Scythe uses a Naive Bayesian approach to classify contaminant substrings in sequence reads. It considers quality information, which can make it robust in picking out 3'-end adapters, which often include poor quality bases.
scythe -a adapter_file.fasta -o trimmed_sequences.fasta sequences.fastq
By default, the prior contamination rate is 0.05. This can be changed (and one is encouraged to do so!) with:
scythe -a adapter_file.fasta -p 0.1 -o trimmed_sequences.fastq sequences.fastq
If you'd like to use standard out, it is recommended you use the --quiet
option:
scythe -a adapter_file.fasta --quiet sequences.fastq > trimmed_sequences.fastq
Also, more detailed output about matches can be obtained with:
scythe -a adapter_file.fasta -o trimmed_sequences.fastq -m matches.txt sequences.fastq
By default, Illumina's quality scheme (pipeline > 1.3) is used.
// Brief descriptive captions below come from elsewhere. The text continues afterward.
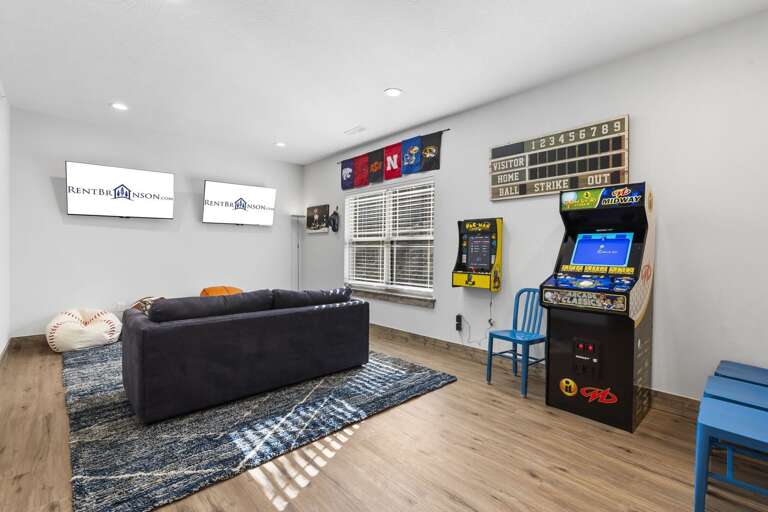Hollister Home Rental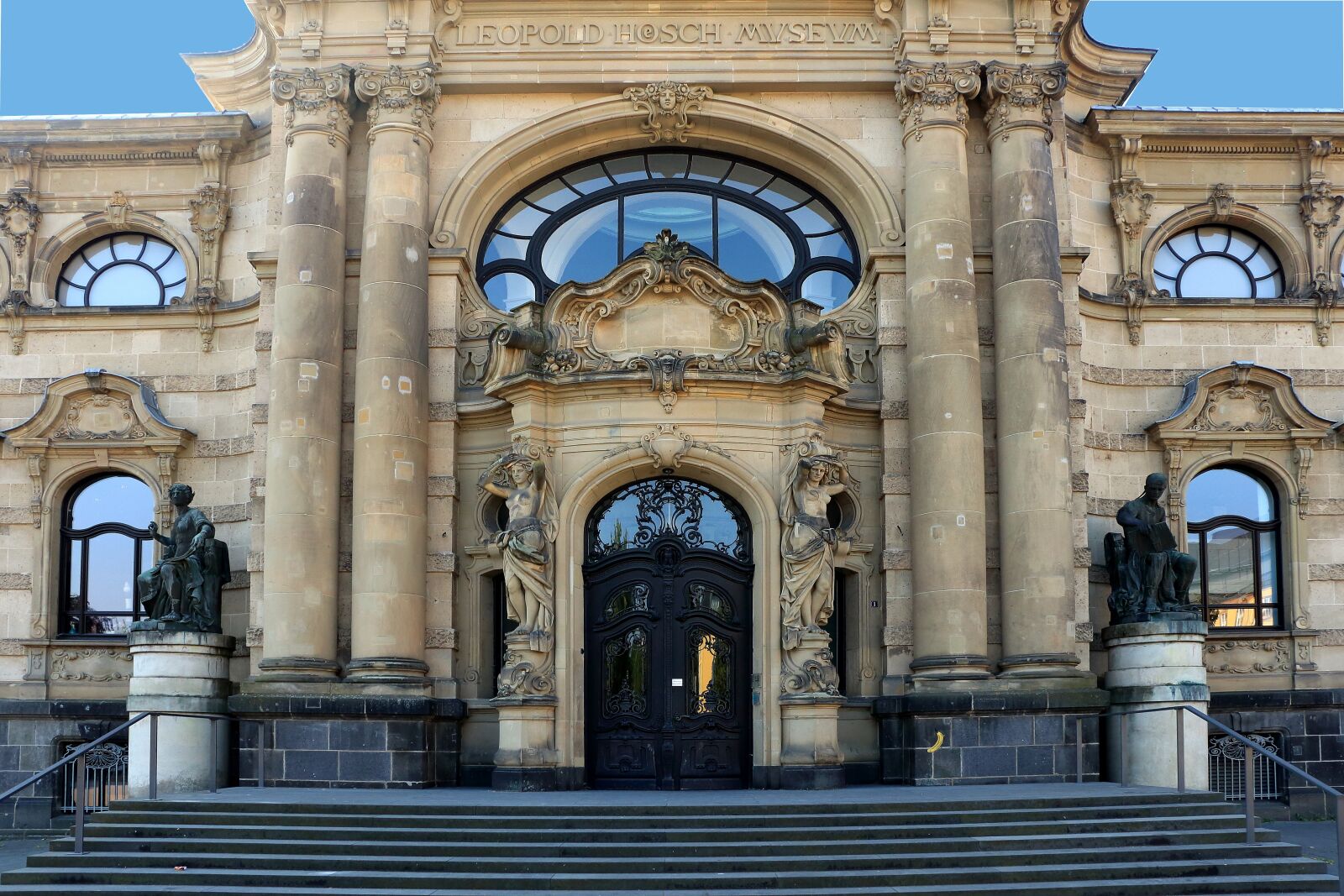 Canon EOS 700D (EOS Rebel T5i / EOS Kiss X7i) sample photo. D ren, museum, hoesch photography
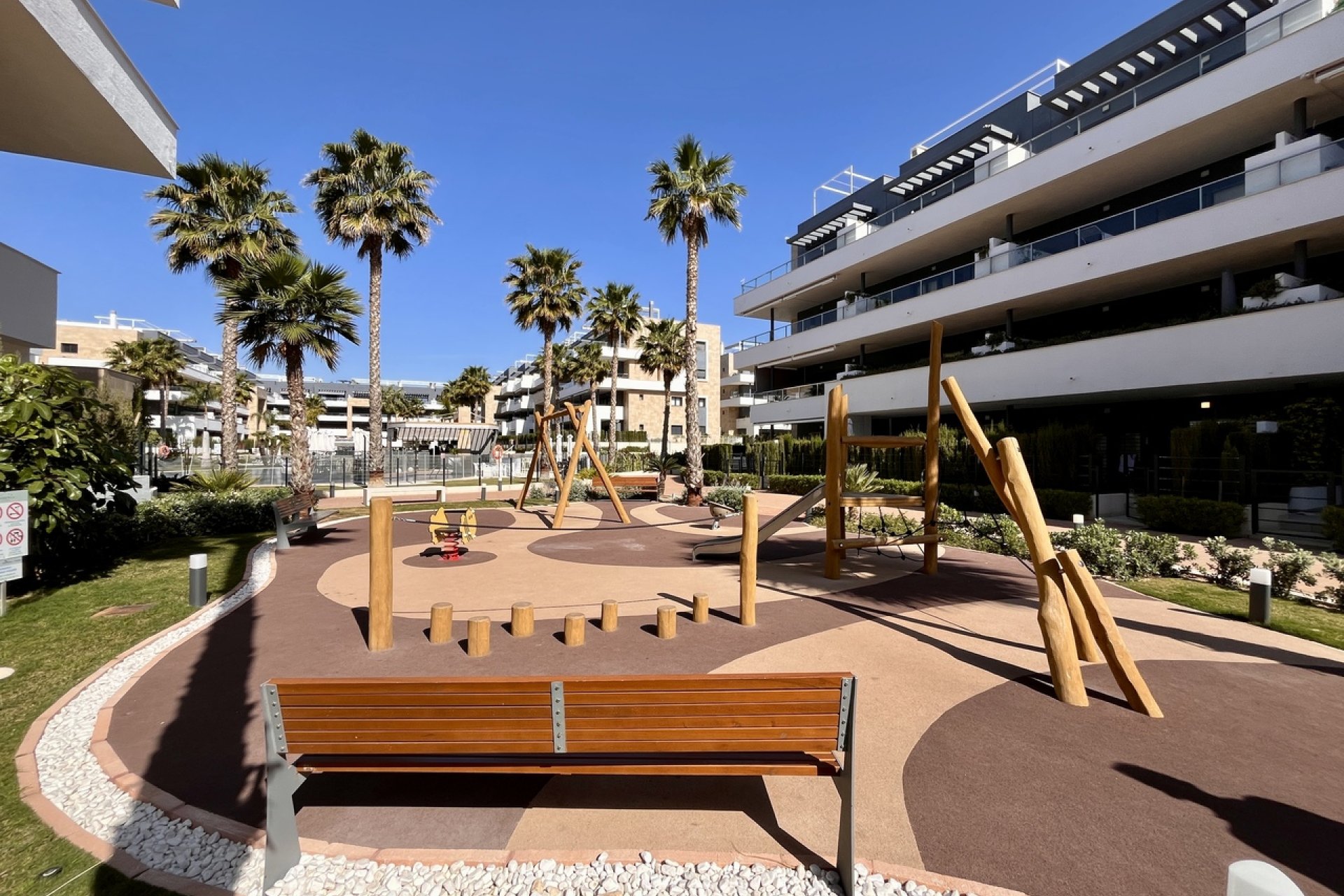 Resale - Penthouse - Orihuela Costa - Playa Flamenca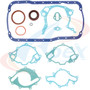 Apex Conversion Gasket Set ACS4107 for 1986-2001 Ford/Laforza/Lincoln 5.0L V8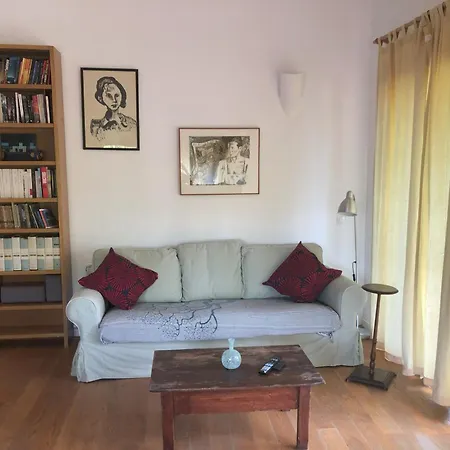 Holiday home Ana En Camallera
Sanger or Solexa (pipeline < 1.3) qualities can be specified with -q
:
scythe -a adapter_file.fasta -q solexa -o trimmed_sequences.fastq sequences.fastq
Lastly, one can specify the minimum match length argument with -n
and the minimum length of sequence (discarded less than or equal to this parameter) to keep after trimming with -M
:
scythe -a adapter_file.fasta -n 0 -M 10 -o trimmed_sequences.fastq sequences.fastq
The default is 5. If this pre-processing is upstream of assembly on a very contaminated lane, decreasing this parameter could lead to very liberal trimming, i.e. of only a few bases.